Features You Might Expect That bees Doesn’t Have
-
There’s no configuration file (patches welcome!). There are some tunables hardcoded in the source (
src/bees.h
) that could eventually become configuration options. There’s also an incomplete option parser (patches welcome!). -
The bees process doesn’t fork and writes its log to stdout/stderr. A shell wrapper is required to make it behave more like a daemon.
-
There’s no facility to exclude any part of a filesystem or focus on specific files (patches welcome).
-
PREALLOC extents and extents containing blocks filled with zeros will be replaced by holes. There is no way to turn this off.
-
Consecutive runs of duplicate blocks that are less than 12K in length can take 30% of the processing time while saving only 3% of the disk space. There should be an option to just not bother with those, but it’s complicated by the btrfs requirement to always dedupe complete extents.
-
There is a lot of duplicate reading of blocks in snapshots. bees will scan all snapshots at close to the same time to try to get better performance by caching, but really fixing this requires rewriting the crawler to scan the btrfs extent tree directly instead of the subvol FS trees.
-
Block reads are currently more allocation- and CPU-intensive than they should be, especially for filesystems on SSD where the IO overhead is much smaller.

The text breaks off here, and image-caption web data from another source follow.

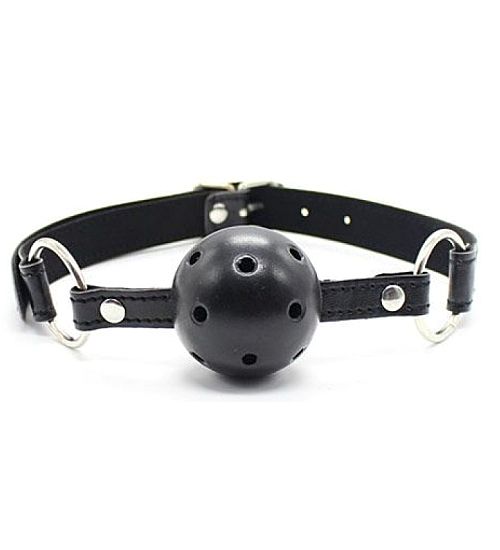 Czarny ball gag zdjęcie 1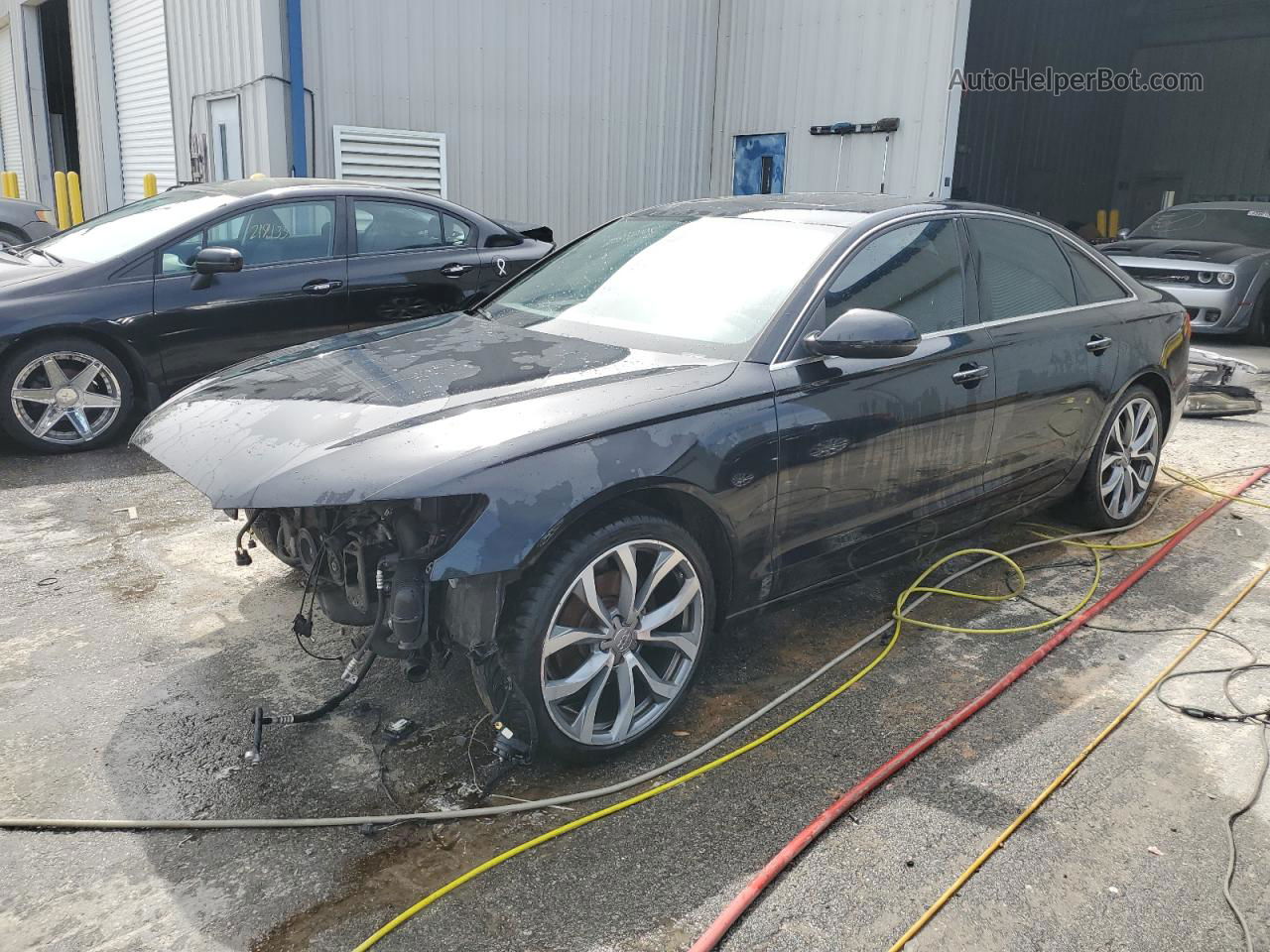 2013 Audi A6 Premium Plus Gray vin: WAUGFAFC8DN028106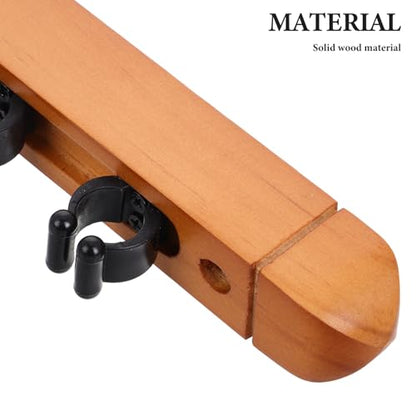 Cabilock Solid Wood Billiard Cue Rack Wall Mounted Roman Style Pool Stick Holder Space-saving Organizer for Game Rooms Lounges and Offices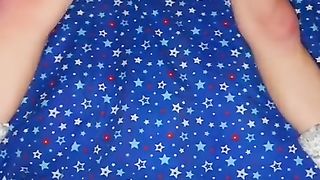 Black lace cut-offs tweak in 2x speed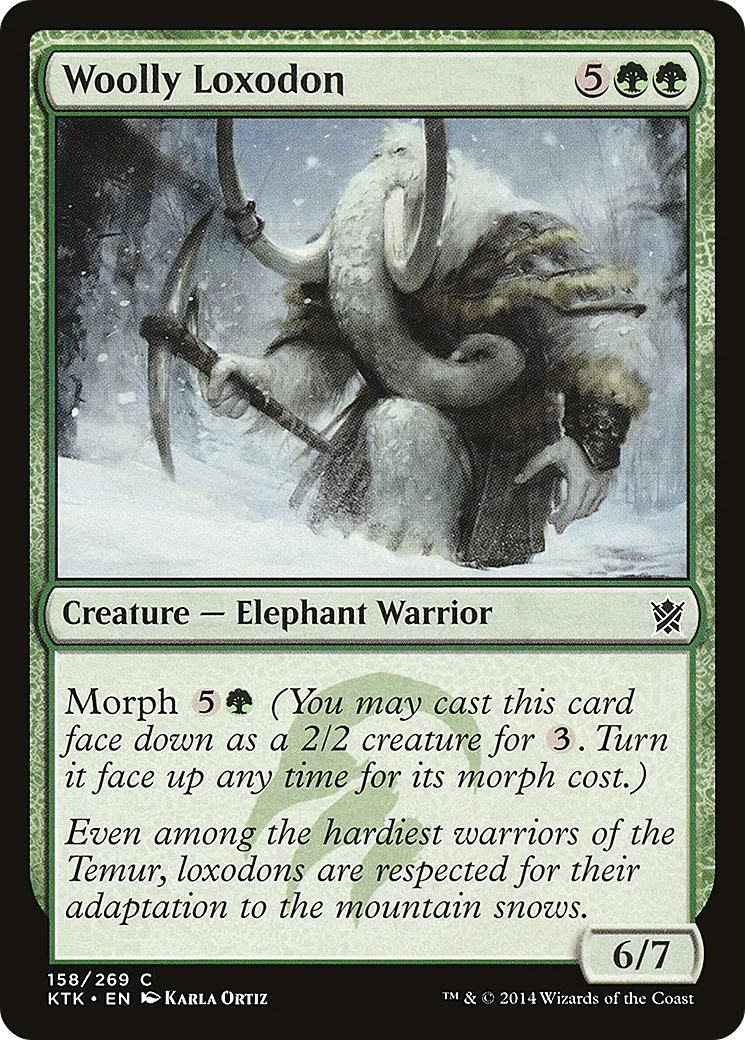 Woolly Loxodon — Khans of Tarkir — Magic: The Gathering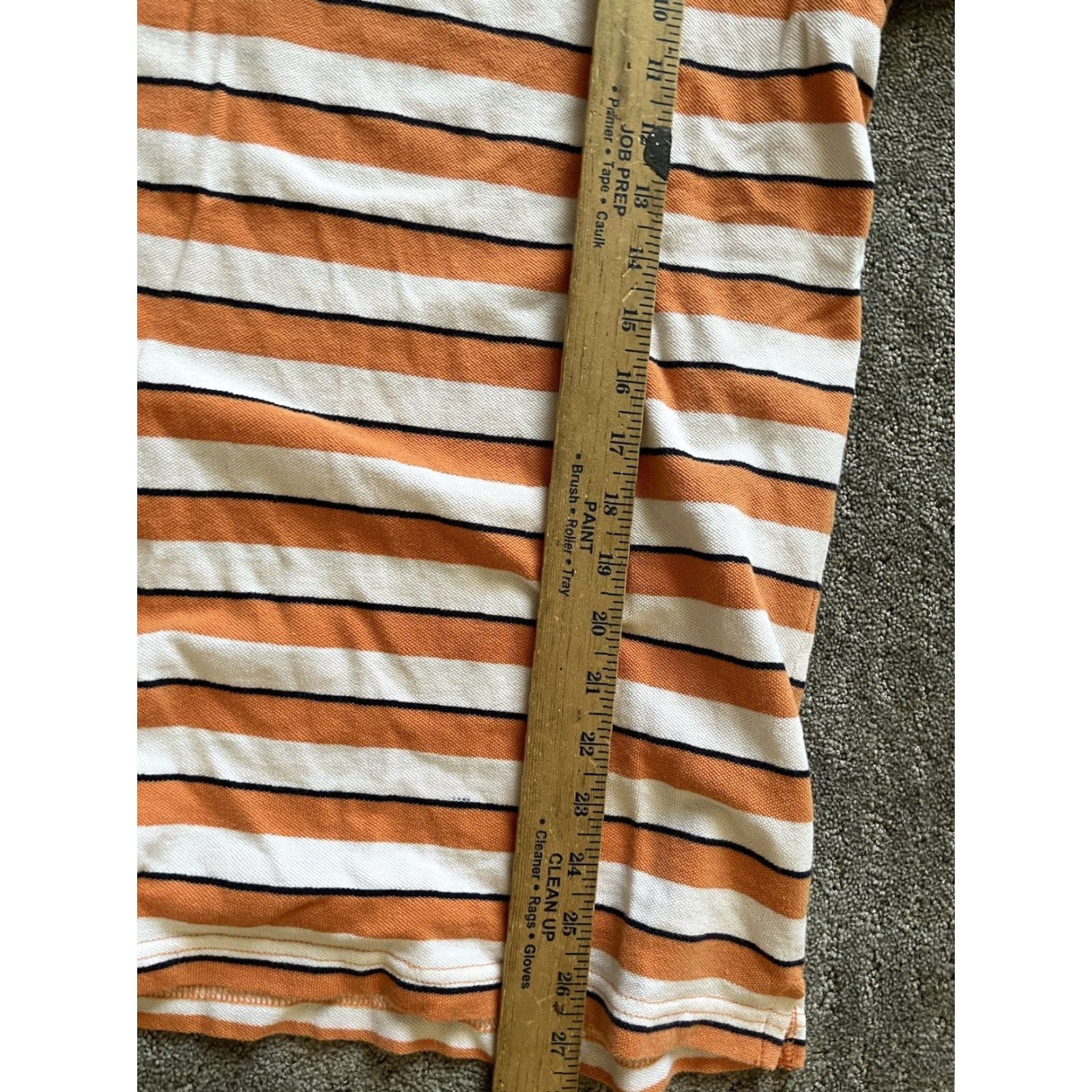 Dockers Dockers Polo Shirt Golf Orange Striped Mens Short Sleeve Classic Casual Size US L / EU 52-54 / 3 - 6 Thumbnail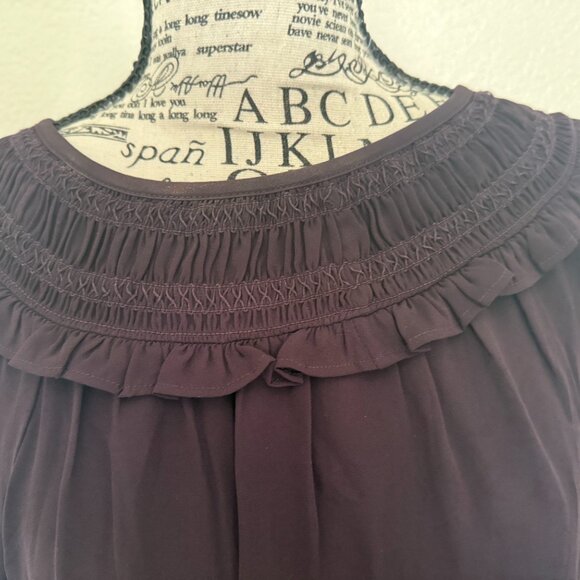 Loft Dark Plum Blouse - Picture 2 of 5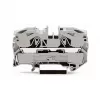 WAGO 2016-1201 Durchgangsklemme, 16 mm², 800 V, grau, Push-in CAGE CLAMP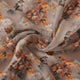 Attractive Brown Periwinkle With Leaves Digital Printed Fabric – js 0 ta09548pc 110 attractive brown periwinkle with leaves digital printed fabric 1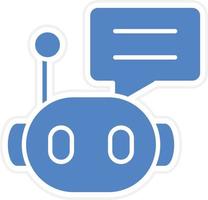Chat Bot Vector Icon Design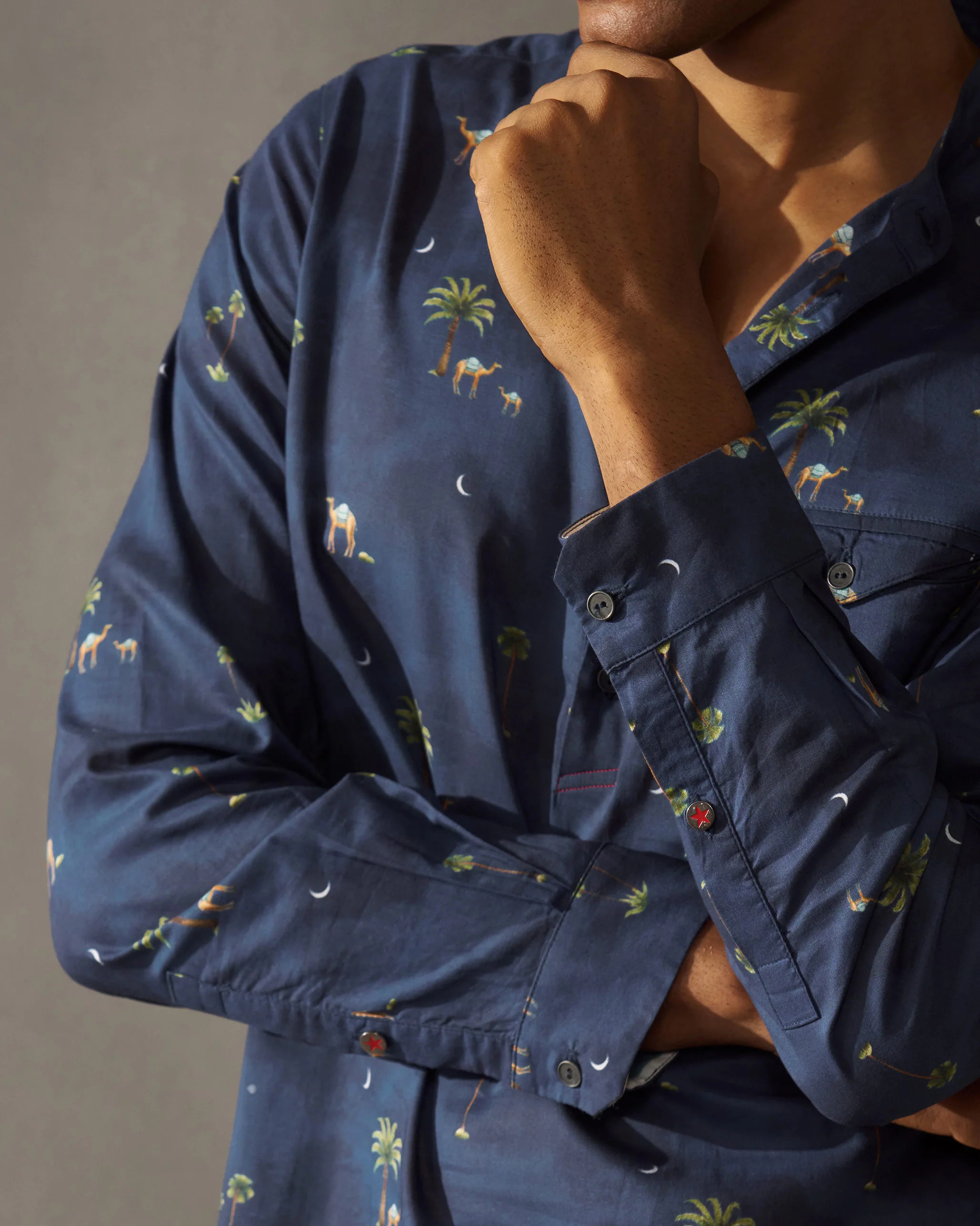 Fort Kurta - Dark Navy Print - Image 2
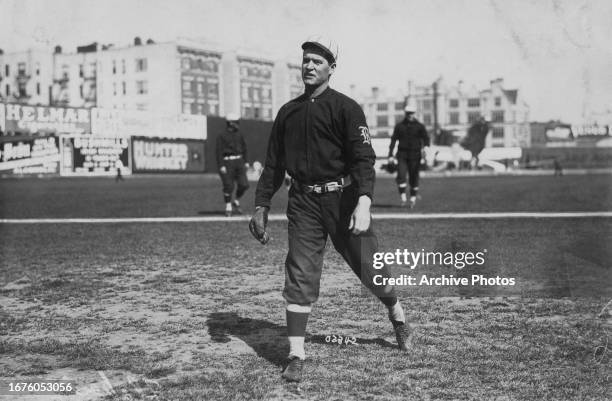 Portrait of Patsy Flaherty , Left Handed Pitcher for the Boston Doves of the National League during the Major League Baseball National League game...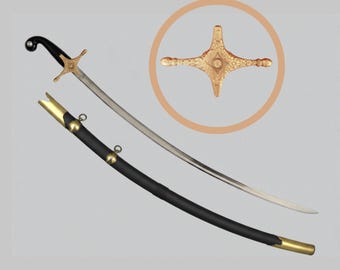 Handmade Kilij Sword: Turkish Ottoman Sword with long fuller balanced sword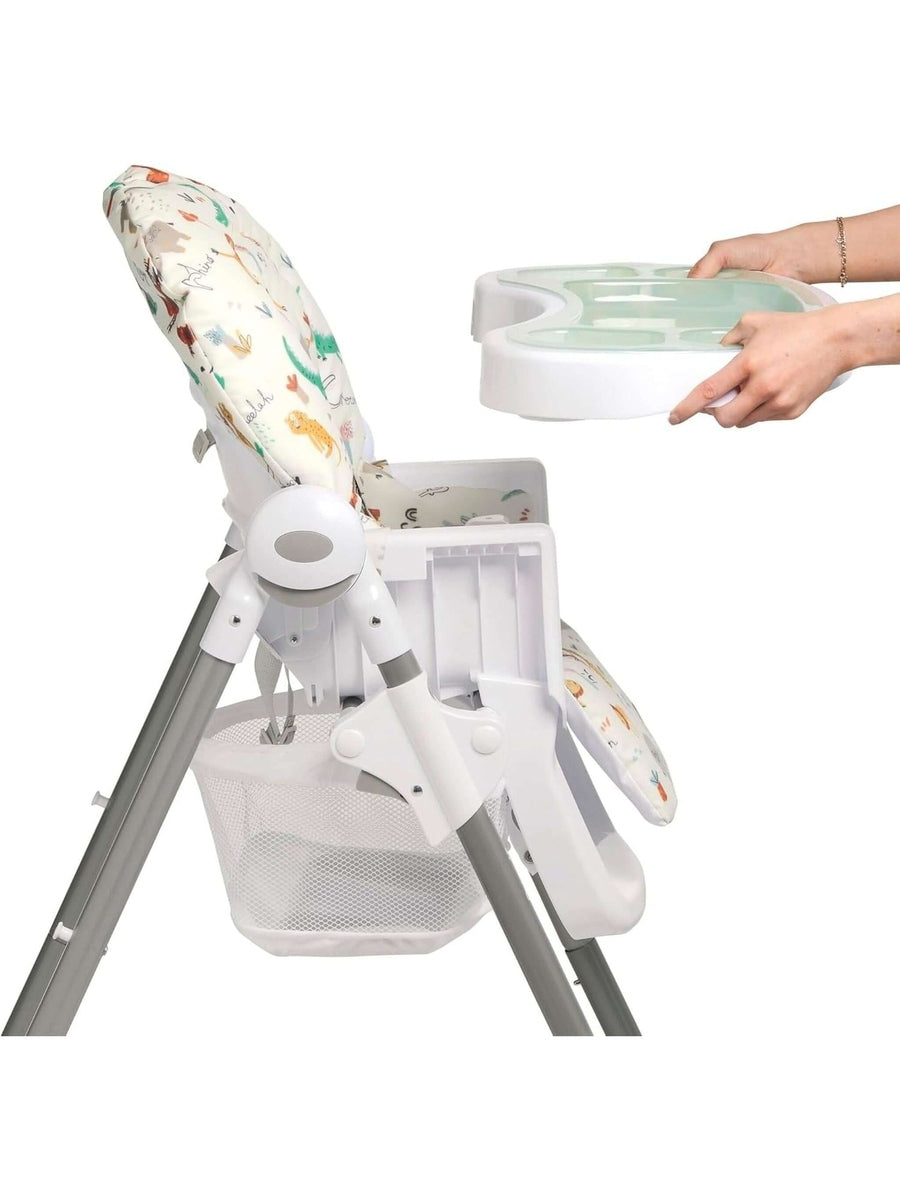 Mamas & Papas Snax Low Adjustable Highchair with Removable Tray – Jungle Alphabet Mamas & Papas Mama's Joy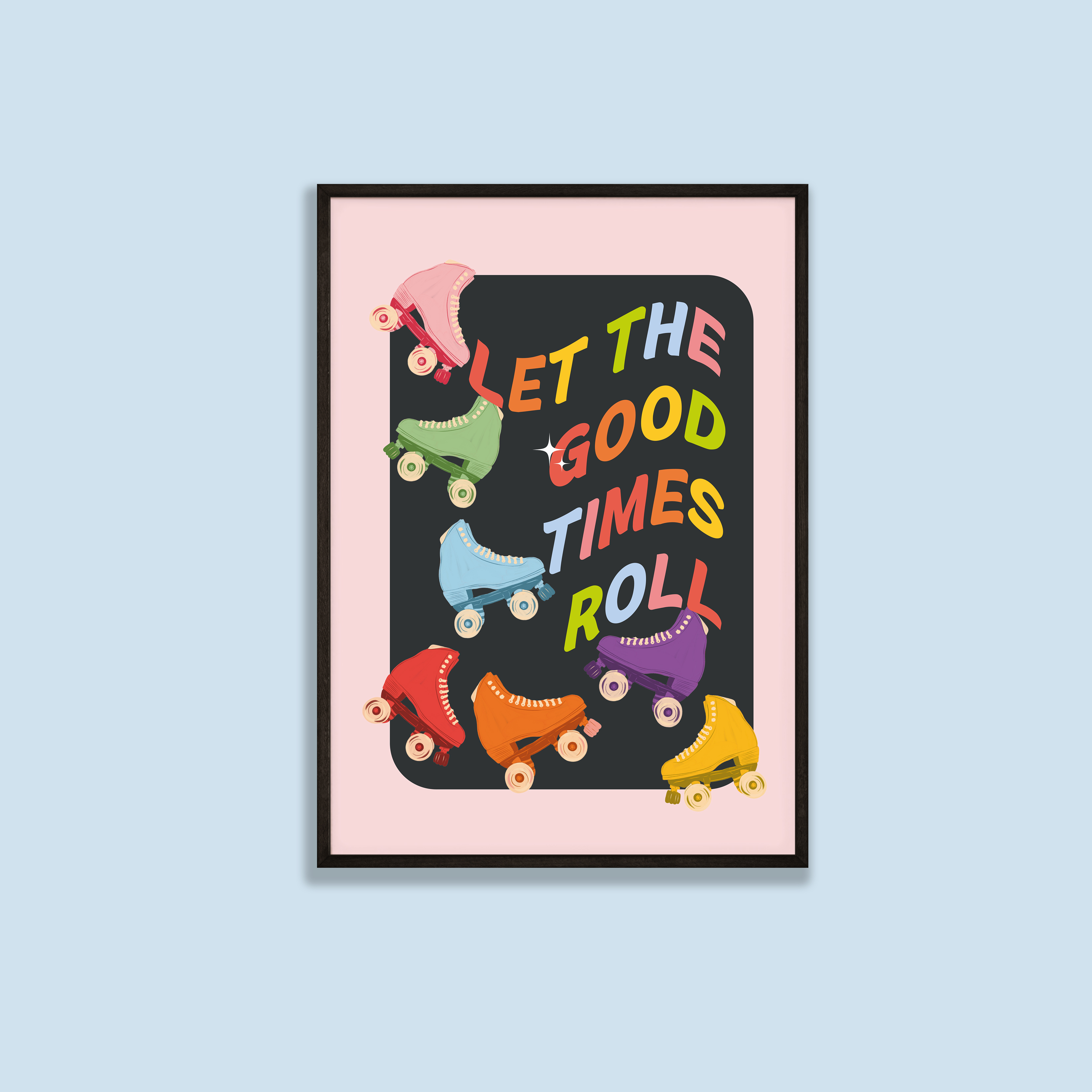 Image of a rollerskate art print 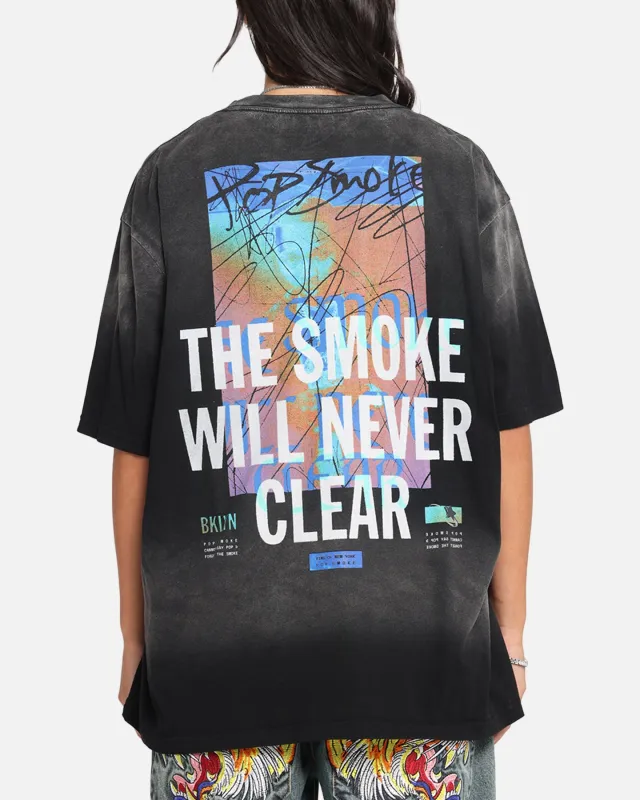 Pop Smoke Never Clear T-Shirt Black Wash sold by Culture Kings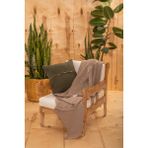 Mylasa Home Pamuk Definite Desenli Çok Amaçlı Koltuk Şalı 130 x 170 (Kırlentsiz) - 130 x 170 cm - Gri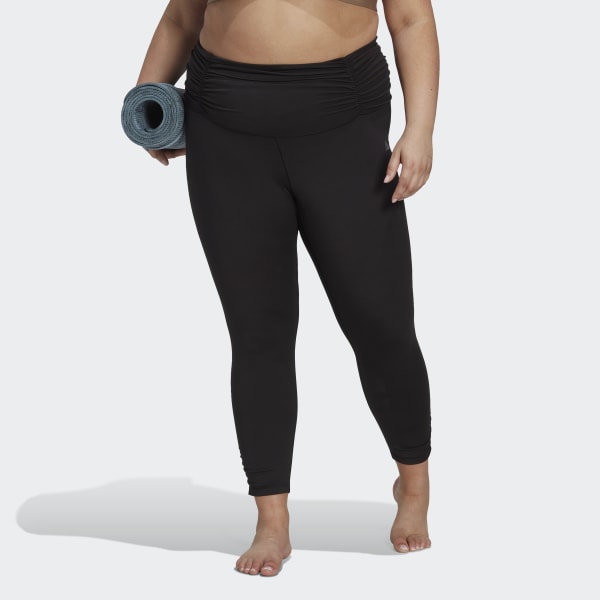 cierna Legíny Yoga Studio Gathered 7/8 (plus size) SH529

This is a problem for CPU-power-constrained environments (e.g. laptops running from battery, or ARM devices with slow CPU).
-
bees can currently fragment extents when required to remove duplicate blocks, but has no defragmentation capability yet. When possible, bees will attempt to work with existing extent boundaries, but it will not aggregate blocks together from multiple extents to create larger ones.
-
When bees fragments an extent, the copied data is compressed. There is currently no way (other than by modifying the source) to select a compression method or not compress the data (patches welcome!).
-
It is theoretically possible to resize the hash table without starting over with a new full-filesystem scan; however, this feature has not been implemented yet.
-
btrfs maintains csums of data blocks which bees could use to improve scan speeds, but bees doesn’t use them yet.